In his Introduction Efthymiadis defines the central topic of the volume as “the literature on holy men and women who lived in the Roman East after the age of the martyrs and [which] was written in literary languages other than Latin.” The book approaches the topic in four specifically Byzantine chronological periods, fourth-seventh, eighth-tenth, eleventh-twelfth centuries, and late Byzantium (1204-1453). There follow chapters on the “Byzantine Periphery” covering Palestinian, Italo-Greek, Syriac, Georgian, Armenian, Coptic, Arabic, and Slavic hagiography, and translations into Greek of Latin hagiographical works. The stated aim of the volume is to provide “a guide which will incite further in-depth study of texts, authors, periods and languages.” A second volume, subtitled Genres and Contexts is in preparation.

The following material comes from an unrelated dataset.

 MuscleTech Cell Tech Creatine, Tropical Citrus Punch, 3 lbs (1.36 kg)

The editor notes that the genre of hagiography has been stigmatized for its enormous bulk, repetitious stereotypes, religious agendas, and legendary qualities, but asserts that it is time to examine such texts from the perspective of “literary complexity and flexibility.” He traces the scholarly study of Byzantine Hagiography from the seventeenth- century Bollandists, whose work continues vibrantly today, to a “blossoming” beginning in the 1960s, particularly through the work of Lennart Rydén, Peter Brown and later that of Alexander Kazhdan. He comments, however, that the treatment of the texts as “literary expressions of writers addressing or envisaging an audience” has yet to catch up to their use as sources of historical information.

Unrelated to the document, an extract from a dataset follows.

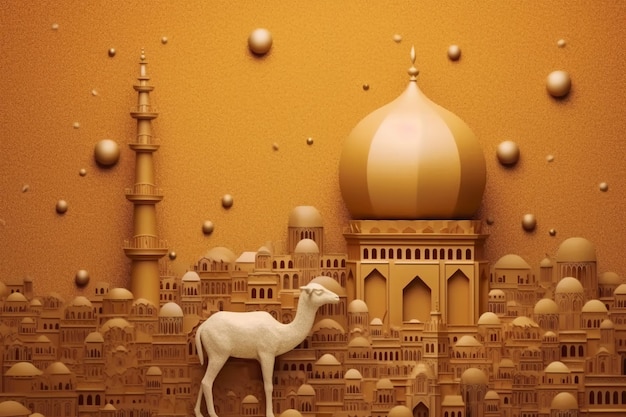 A camel and a mosque are in front of a golden city.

In Chapter 1, “The Life of St Antony between Biography and Hagiography,” Tomas Hägg argues for approaching this seminal text, despite its Christian focus and sacrifice of historical accuracy to “higher truth,” as an innovative continuation of the genre of secular Greek biography. Deftly handling traditional questions of authorship (he accepts Athanasios of Alexandria) and sources, he focuses on the text’s organizational strategy, which he posits employs changes of locality to map the saintly hero’s “mental progress.” He also suggests that Athanasios’s main purpose is to be found throughout the main text and identifies it as “how the Church should deal with the emerging monastic movement and how the ascetics themselves … should ideally behave.”
The next four chapters consider lives or more complex dossiers or collections of lives with comments on the careers of their subjects, the authors, the purposes (e.g., to promote a cult, to promote spirituality, to eulogize supporters of a cause like iconoclasm), and issues of sources, style and manuscript tradition, with related bibliography for each.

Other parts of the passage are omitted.